| Data section |

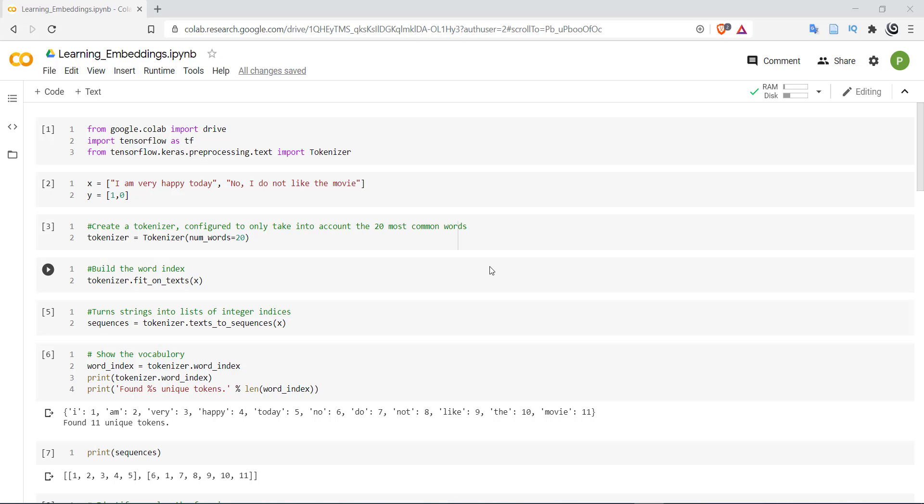Hello everyone, welcome to Partshala. In the last video we have seen how to load pretrained word embeddings for identifying sentiment of a given piece of text. Now in this video we will see how to learn word embeddings from the data on which the model will be trained.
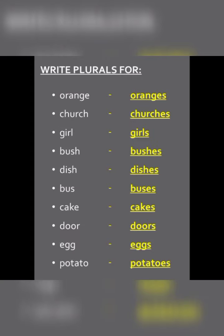Next: orange becomes oranges (o-r-a-n-g-e-s). Church becomes churches. Girl becomes girls. Bush becomes bushes. Dish becomes dishes. Bus becomes buses. Cake becomes cakes. Door becomes doors. Egg becomes eggs. Potato becomes potatoes.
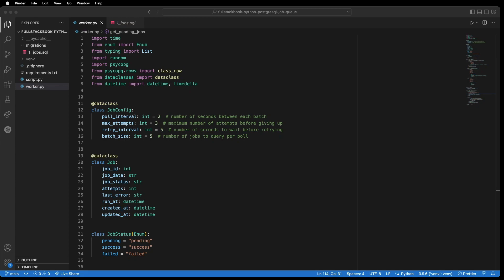In this video, I'm going to show you how to build a simple job queue with Python and Postgres. This is useful if you just have a small volume of jobs that you need to process and you don't want to introduce other dependencies into your stack. You just want to keep things simple.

| About this exercise |
The listing is to be reproduced in full and exactly, except that its pictures are to be dropped.

| Response to this task |
Hello everyone, welcome to Partshala. In the last video we have seen how to load pretrained word embeddings for identifying sentiment of a given piece of text. Now in this video we will see how to learn word embeddings from the data on which the model will be trained.
Next: orange becomes oranges (o-r-a-n-g-e-s). Church becomes churches. Girl becomes girls. Bush becomes bushes. Dish becomes dishes. Bus becomes buses. Cake becomes cakes. Door becomes doors. Egg becomes eggs. Potato becomes potatoes.
In this video, I'm going to show you how to build a simple job queue with Python and Postgres. This is useful if you just have a small volume of jobs that you need to process and you don't want to introduce other dependencies into your stack. You just want to keep things simple.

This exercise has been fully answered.